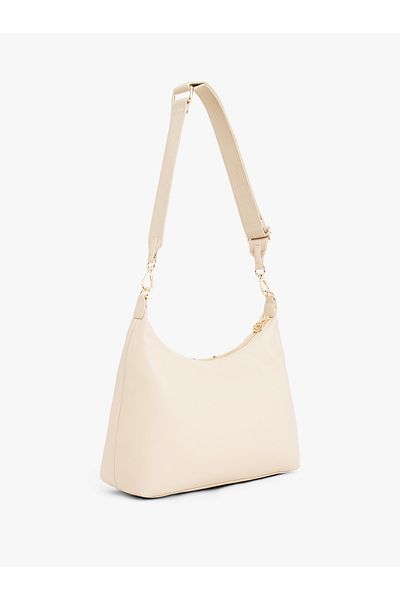 Tommy Hilfiger Women Sandalwood Corp Popette Soft Shoulder Bag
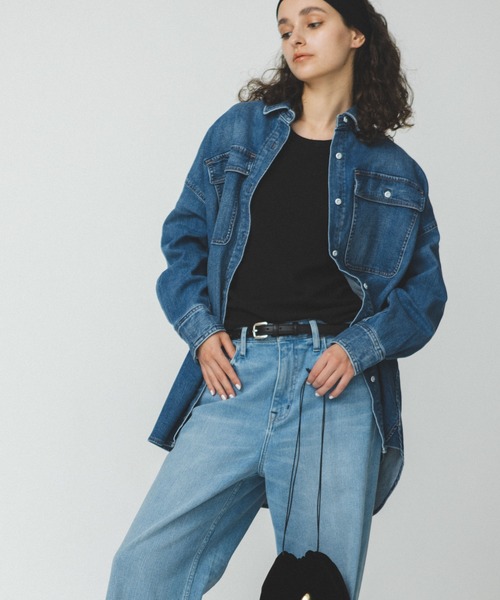シャツ ブラウス Healthy DENIM/Almond デニムシャツ レディース 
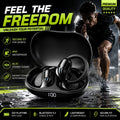 Wireless Earhook Earbuds – BT 5.3, LED Display, Deep Bass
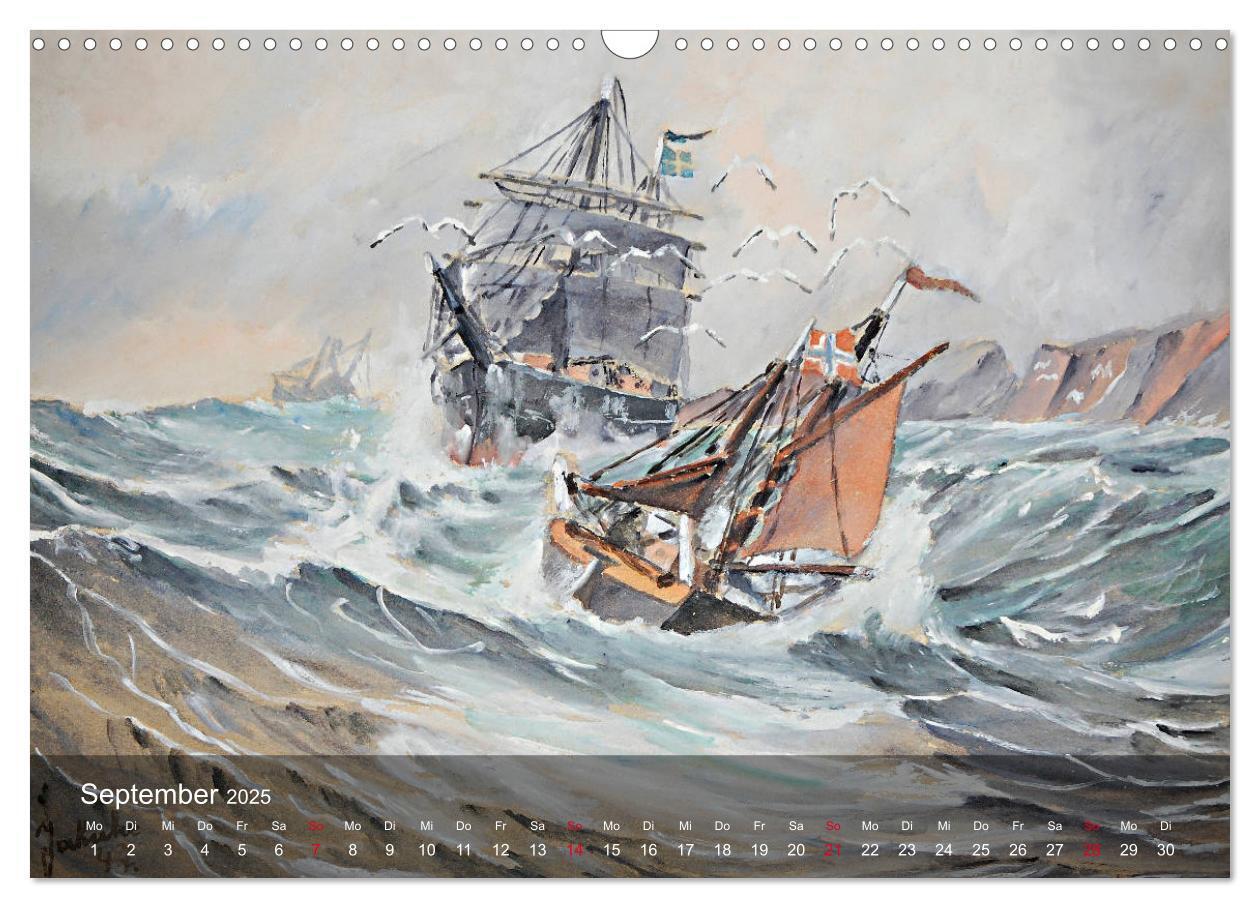 Bild: 9783435404858 | Segel am Horizont - Marinemaler Alfred Jahnke (Wandkalender 2025...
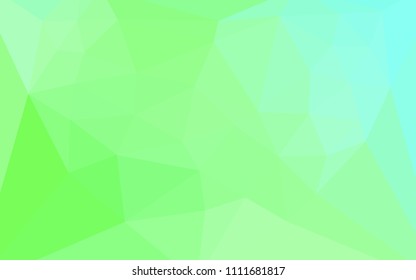 Light Green vector polygon abstract background with a heart in a centre. Elegant polygonal illustration with gradient. New template for your brand book.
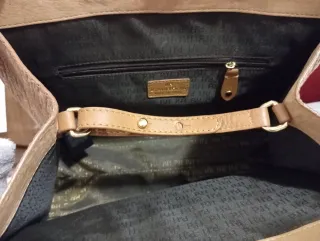 Bolso Pedro del Hierro cuero beige claro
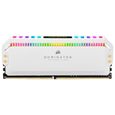 CORSAIR Mémoire PC DDR4 - DOMINATOR PLATINUM RGB 16GB (2x8GB) - 3200 MHz - C16 - White (CMT16GX4M2C3200C16W)-0
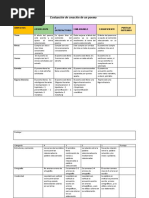 Evaluación de Creación de Un Poema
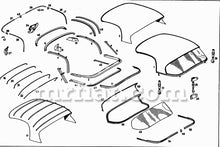 Cargar imagen en el visor de la galería, Mercedes 190 SL Soft Top Hook Roof Mercedes

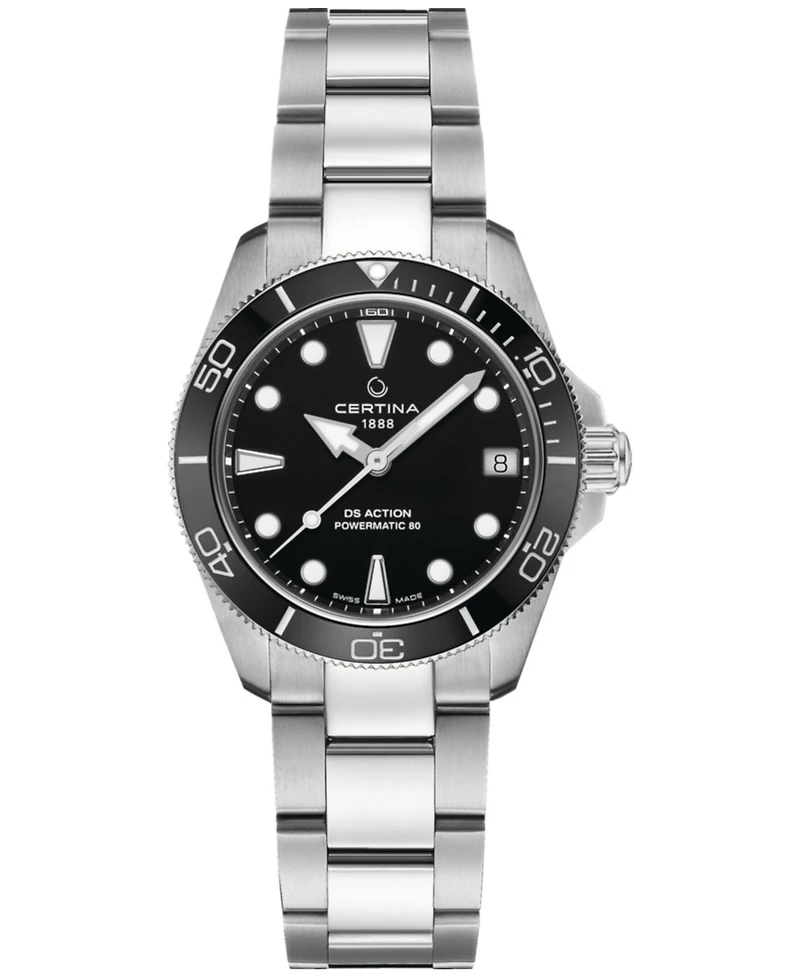 Certina Women's Swiss Automatic Ds Action Stainless Steel Bracelet Watch 35mm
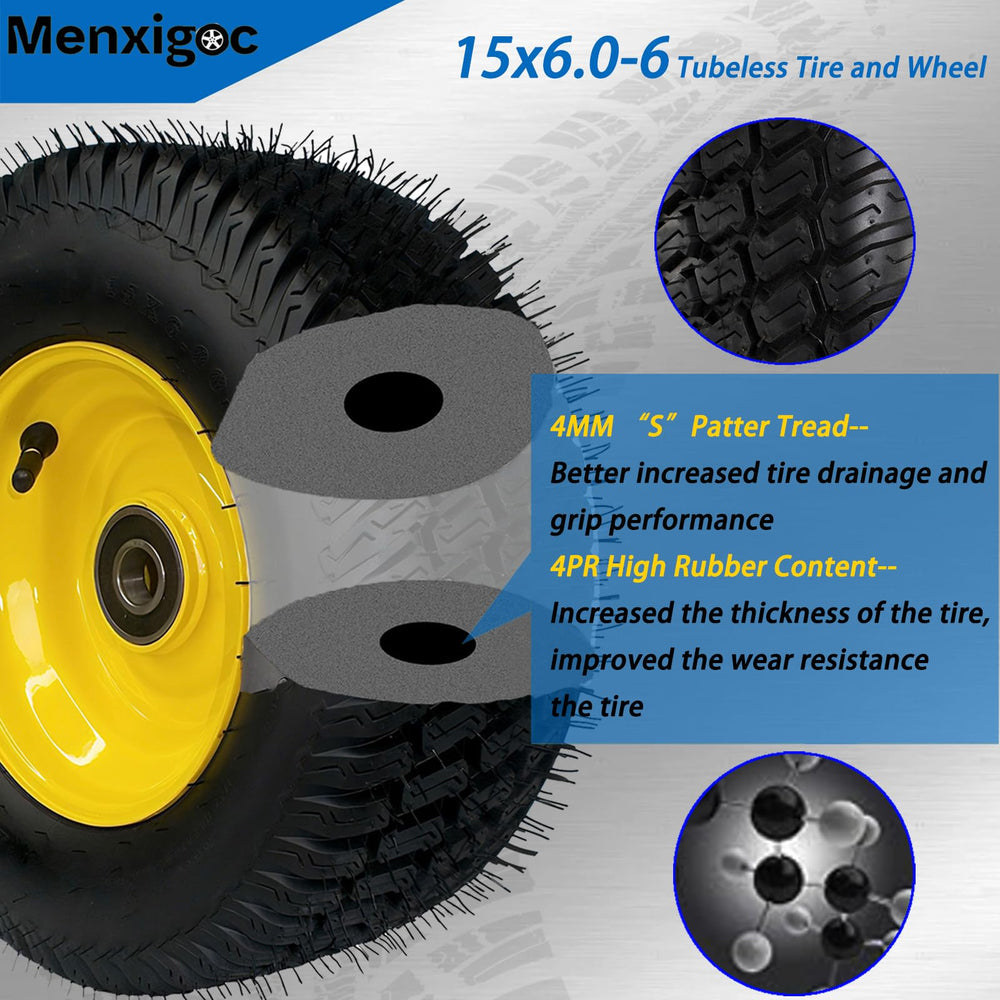 menxigoc sturdy sidewall detail resisting cuts for longer tire life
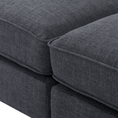 Load image into Gallery viewer, Upholstered Country Style Sofa with Wooden Legs and Two Throw Pillows
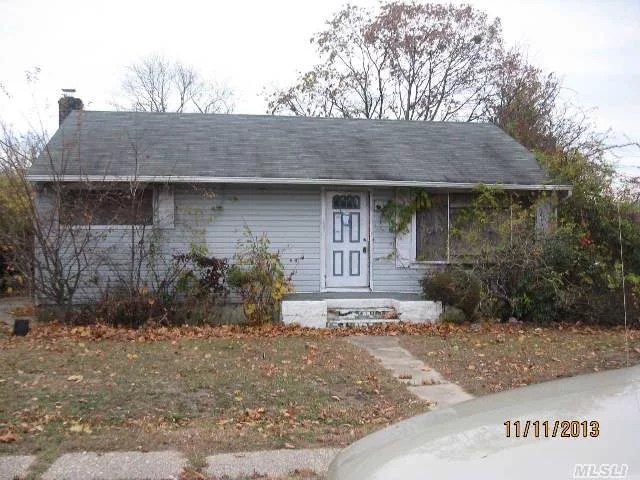 3 Bedroom, 1 Bath,  Ranch Style Located On Nice Size Property. Needs Tlc. Great Opportunity To Own.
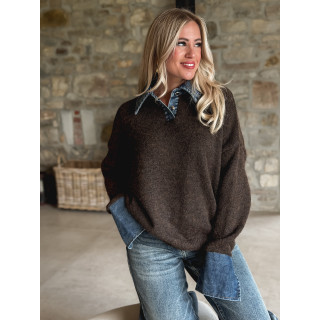 Pull Eloana - Chocolat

——————————

> _What is expected_
Give back the material exactly as written, images excluded.

> _Response to this task_
 Tommy Hilfiger Women Sandalwood Corp Popette Soft Shoulder Bag
シャツ ブラウス Healthy DENIM/Almond デニムシャツ レディース 
 Wireless Earhook Earbuds – BT 5.3, LED Display, Deep Bass
 Bild: 9783435404858 | Segel am Horizont - Marinemaler Alfred Jahnke (Wandkalender 2025...
 Light Green vector polygon abstract background with a heart in a centre. Elegant polygonal illustration with gradient. New template for your brand book.
 Bolso Pedro del Hierro cuero beige claro
 CORSAIR Mémoire PC DDR4 - DOMINATOR PLATINUM RGB 16GB (2x8GB) - 3200 MHz - C16 - White (CMT16GX4M2C3200C16W)-0
 Evaluación de Creación de Un Poema
 Cargar imagen en el visor de la galería, Mercedes 190 SL Soft Top Hook Roof Mercedes

 Certina Women's Swiss Automatic Ds Action Stainless Steel Bracelet Watch 35mm
 menxigoc sturdy sidewall detail resisting cuts for longer tire life
 Load image into Gallery viewer, Upholstered Country Style Sofa with Wooden Legs and Two Throw Pillows
 3 Bedroom, 1 Bath,  Ranch Style Located On Nice Size Property. Needs Tlc. Great Opportunity To Own.
 Pull Eloana - Chocolat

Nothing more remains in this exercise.